The increasing use of autonomous robot systems in hazardous environments underscores the need for efficient search and rescue operations. Despite significant advancements, existing literature on object search often falls short in overcoming the difficulty of long planning horizons and dealing with sensor limitations, such as noise. This study introduces a novel approach that formulates the search problem as a belief Markov decision processes with options (BMDP-O) to make Monte Carlo tree search (MCTS) a viable tool for overcoming these challenges in large scale environments. The proposed formulation incorporates sequences of actions (options) to move between regions of interest, enabling the algorithm to efficiently scale to large environments. This approach also enables the use of customizable fields of view, for use with multiple types of sensors. Experimental results demonstrate the superiority of this approach in large environments when compared to the problem without options and alternative tools such as receding horizon planners. Given compute time for the proposed formulation is relatively high, a further approximated "lite" formulation is proposed. The lite formulation finds objects in a comparable number of steps with faster computation.
Paper Structure (16 sections, 6 equations, 5 figures, 1 table)

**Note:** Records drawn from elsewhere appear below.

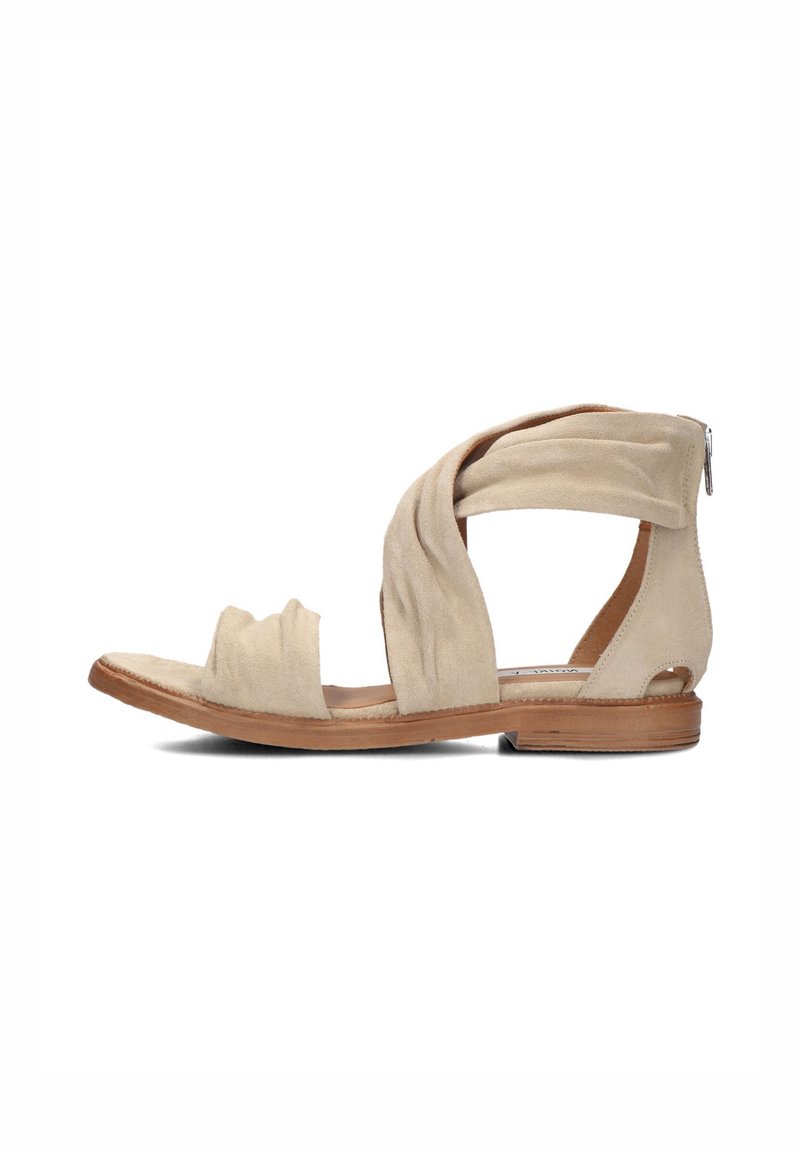 Beige suede sandal with twisted strap design, open toe, flat wooden sole, and a decorative zipper on the back heel.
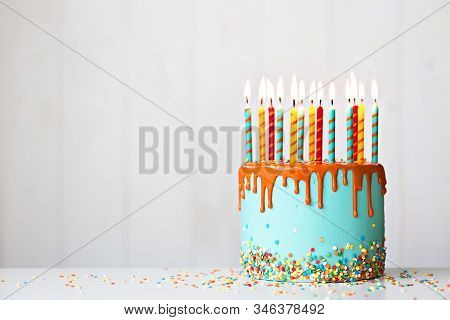Colorful birthday cake with lots of candles and orange drip icing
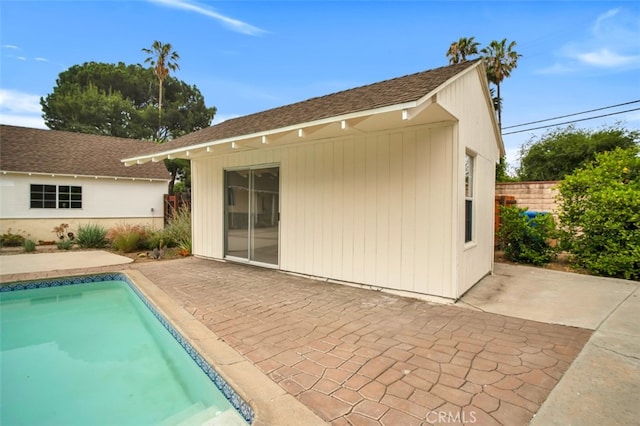 17450 Devonshire St, Northridge, CA 91325 - rear view of house featuring a patio area and a shingled roof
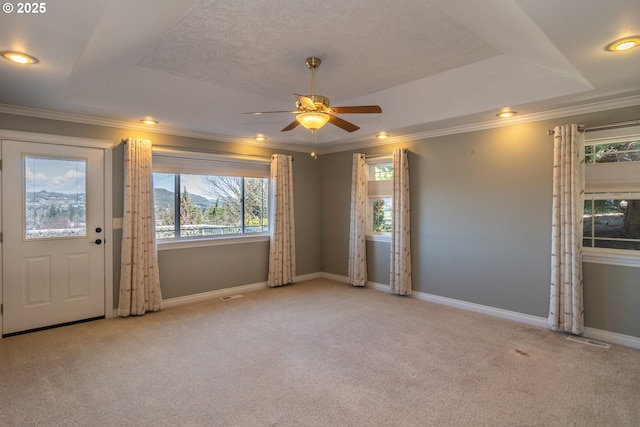 carpeted empty room featuring baseboards, a raised ceiling, ornamental molding, and a ceiling fan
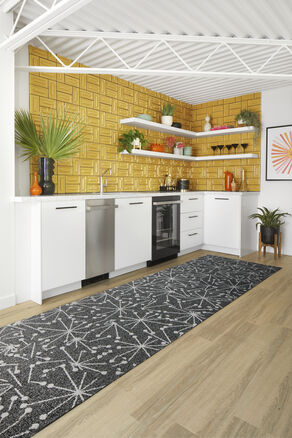 Kitchen with gold backsplash featuring FLOR Mod Cafe runner rug shown in Black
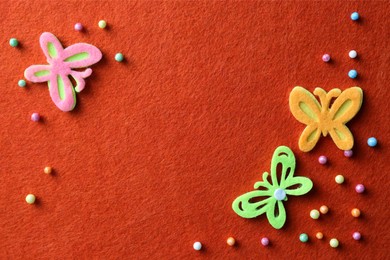 Photo of Small colorful beads and felt butterflies on red background, flat lay. Space for text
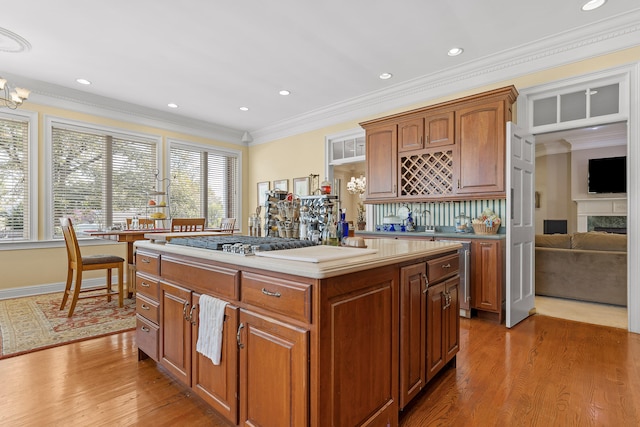 kitchen with plenty of natural light, a kitchen island, ornamental molding, and hardwood / wood-style flooring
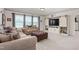Inviting living room featuring comfortable seating and a custom entertainment center with storage at 1154 Yorkshire Dr, Burlington, NC 27215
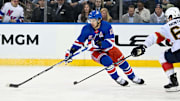 May 30, 2024; New York, New York, USA; New York Rangers left wing Artemi Panarin (10) skates with the puck as Florida Panthers defenseman Brandon Montour (62) defends during the third period in game five of the Eastern Conference Final of the 2024 Stanley Cup Playoffs at Madison Square Garden. Mandatory Credit: Dennis Schneidler-Imagn Images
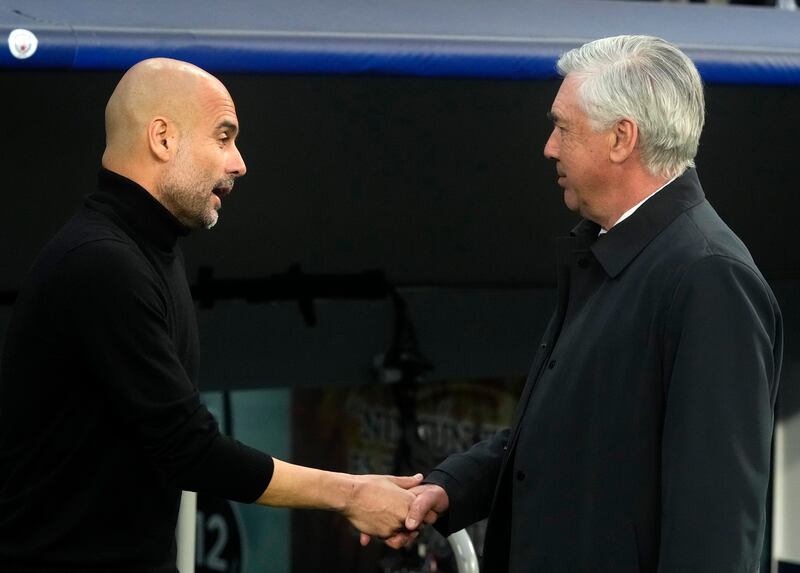 Manchester City coach Pep Guardiola shakes hands with Real's   Carlo Ancelotti. AP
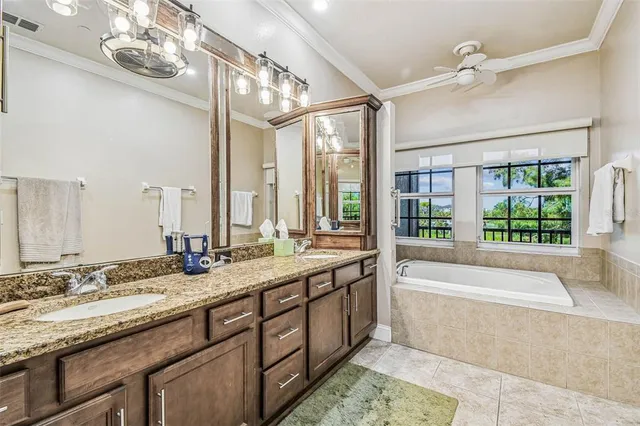 a bathroom with a granite countertop tub sink and mirror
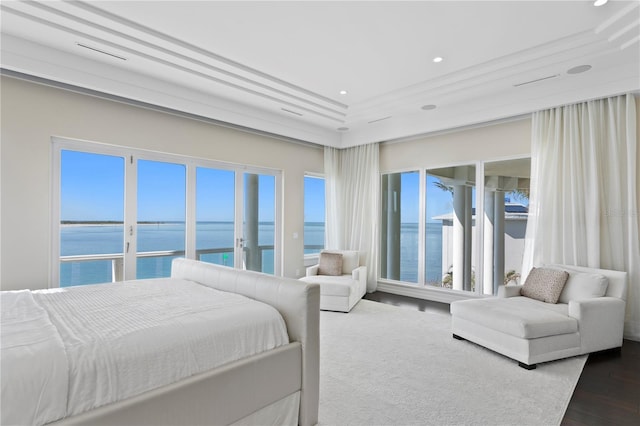 bedroom featuring recessed lighting, dark wood-style flooring, and a water view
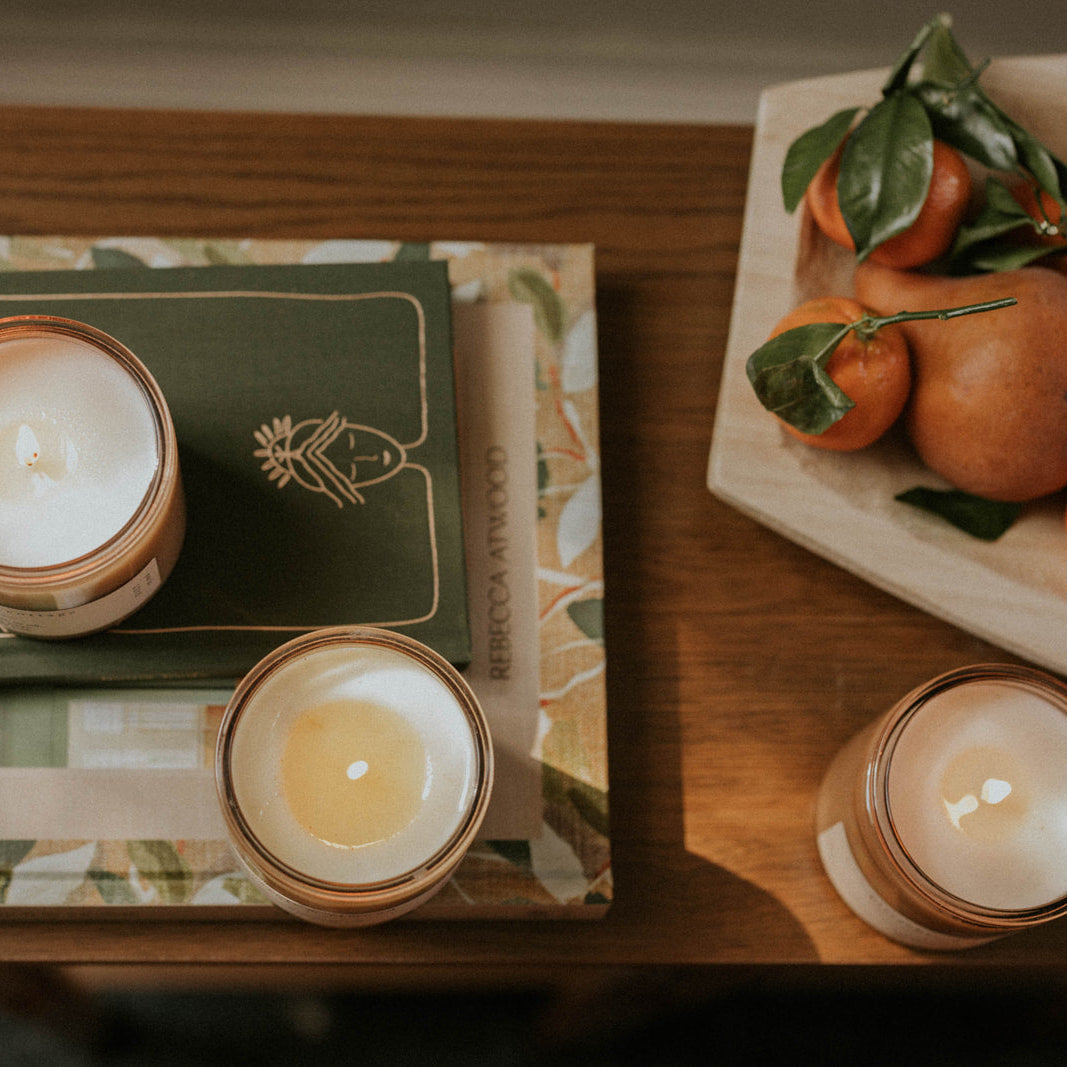 Candlelit scene with books and oranges on a wooden surface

This paper contains 16 sections, 6 equations, 5 figures, 1 table.

Figures (5)

  • Figure 1: This figure illustrates the planning process for a robot that is searching for an object. The shaded areas represent regions of interest, having a high probability of containing the object. The robot is equipped with the proposed search method that enables it to execute single-cell movements (orange arrows) and travel to regions through a series of actions called options (green arrows).
  • Figure 2: The robot (white circle), within the 2D grid environment. The prior probability of the object (red diamond) being in a given cell is indicated by its color. Dark blue cells represent low probability, and yellow cells represent higher probability, mapped from the colorbar to the right of the figure. Regions of interest are outlined in green.
  • Figure 3: Number of steps taken to find the target object per trial within a 200-by-200 grid environment. Each bar is reported at the 5th, 25th, median, 75th, and 95th percentiles. PUCT consistently outperforms DPS and greedy search. PUCT Regions Lite and PUCT Regions have comparable search times, with most trials doing better than the full model without options.
  • Figure 4: The different fields of view used within simulations. With the robot being in the center cell and facing up, the red cells are observable, and the blue cells are unobservable. From left to right, the FOVs are denoted as point, donut, and forward-facing wide-angle camera observations
  • Figure 5: Number of steps taken to find the target object per trial within a 200-by-200 grid environment. Each bar represents the different fields of view when used with MCTS regions lite. The corresponding fields of view can be seen in Fig. \ref{['fig:fovs']}. With an increasing number of observable cells, search time decreases, though with diminishing returns.